- _Your assignment_:
Starting at the line that contains "Gambar Mewarnai Tom and Jerry 3 Gambar" and stopping at the line that contains "REMEMBERING THE GAME", restate each line of the records below exactly. Omit the pictures.

Caption-style text data
_ _ _

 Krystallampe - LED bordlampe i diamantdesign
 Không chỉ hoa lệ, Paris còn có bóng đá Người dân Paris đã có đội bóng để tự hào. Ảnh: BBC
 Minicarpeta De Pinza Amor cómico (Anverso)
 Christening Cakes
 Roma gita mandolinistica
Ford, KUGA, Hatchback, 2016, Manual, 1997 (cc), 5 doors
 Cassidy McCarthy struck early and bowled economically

_ _ _

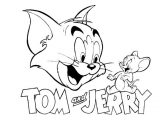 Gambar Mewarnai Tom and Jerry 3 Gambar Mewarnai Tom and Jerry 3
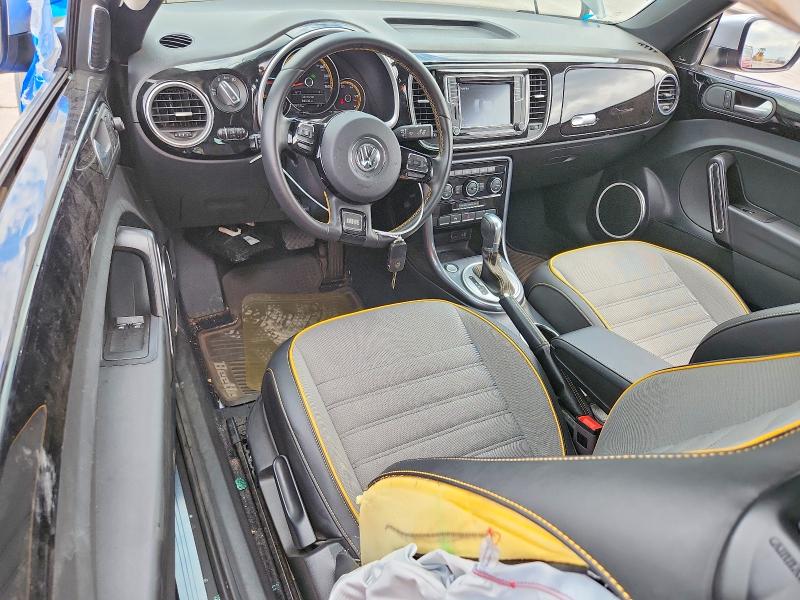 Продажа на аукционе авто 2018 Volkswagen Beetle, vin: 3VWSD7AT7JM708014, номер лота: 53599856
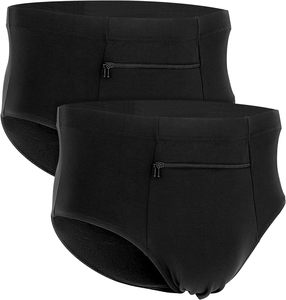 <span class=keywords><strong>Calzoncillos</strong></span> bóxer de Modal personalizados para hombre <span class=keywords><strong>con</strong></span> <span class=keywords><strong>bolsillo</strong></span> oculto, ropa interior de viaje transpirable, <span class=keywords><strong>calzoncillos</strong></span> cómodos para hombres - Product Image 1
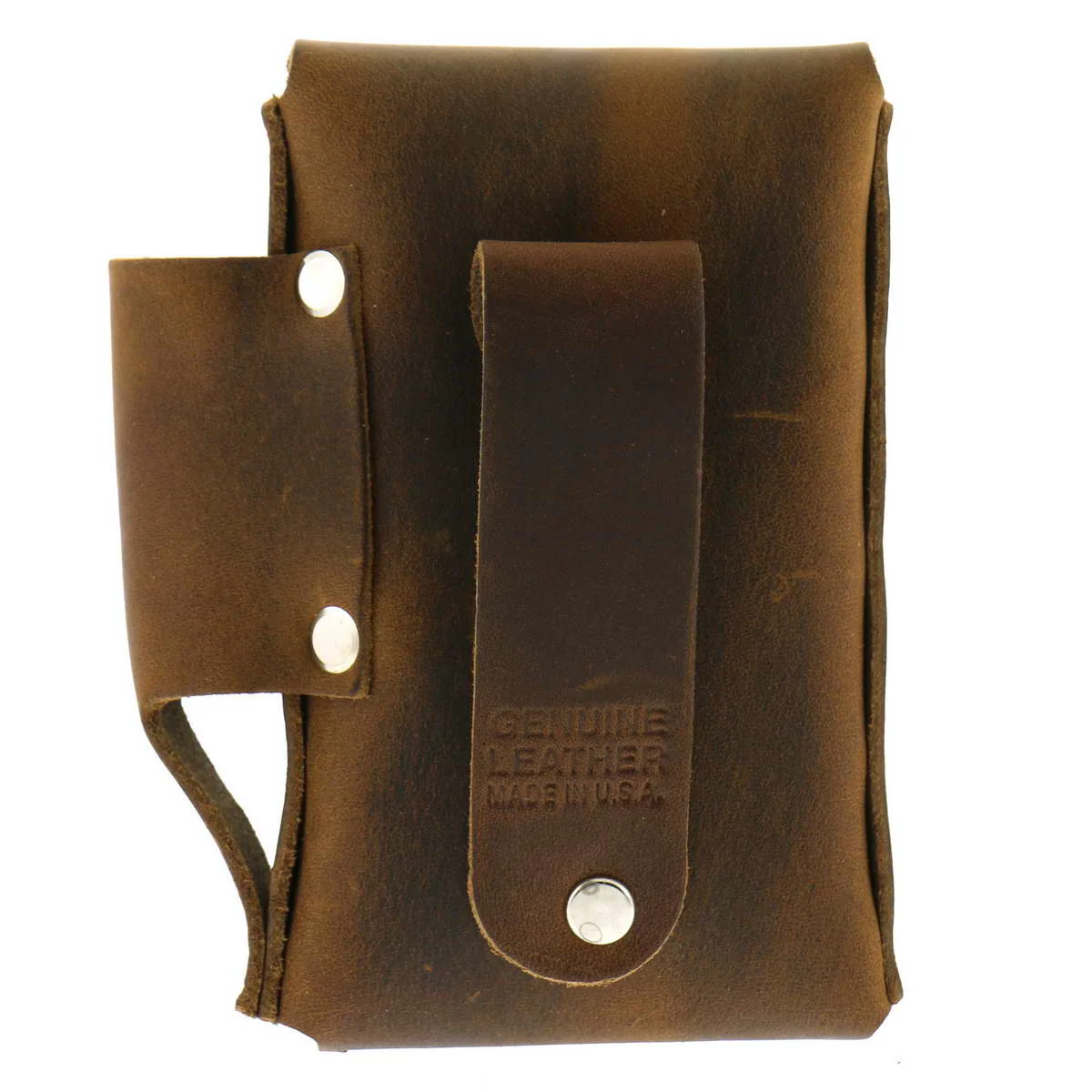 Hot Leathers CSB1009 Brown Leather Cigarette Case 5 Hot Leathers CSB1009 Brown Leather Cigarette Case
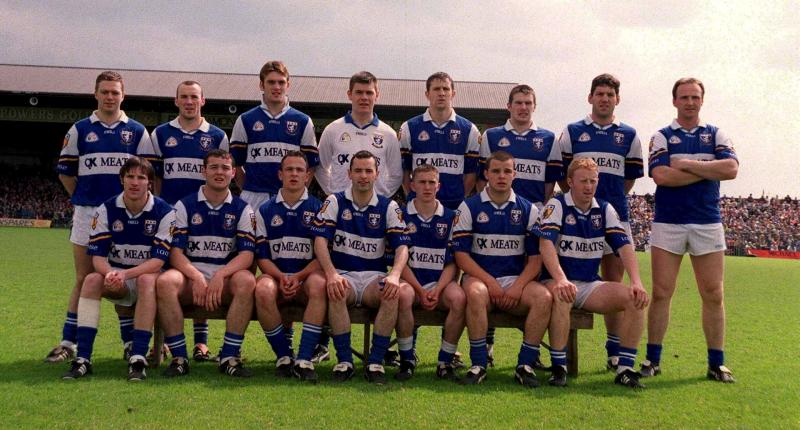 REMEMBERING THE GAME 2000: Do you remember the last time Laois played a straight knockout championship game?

_ _ _

- _Response below_:
 Gambar Mewarnai Tom and Jerry 3 Gambar Mewarnai Tom and Jerry 3
 Продажа на аукционе авто 2018 Volkswagen Beetle, vin: 3VWSD7AT7JM708014, номер лота: 53599856
 <span class=keywords><strong>Calzoncillos</strong></span> bóxer de Modal personalizados para hombre <span class=keywords><strong>con</strong></span> <span class=keywords><strong>bolsillo</strong></span> oculto, ropa interior de viaje transpirable, <span class=keywords><strong>calzoncillos</strong></span> cómodos para hombres - Product Image 1
 Hot Leathers CSB1009 Brown Leather Cigarette Case 5 Hot Leathers CSB1009 Brown Leather Cigarette Case
 REMEMBERING THE GAME 2000: Do you remember the last time Laois played a straight knockout championship game?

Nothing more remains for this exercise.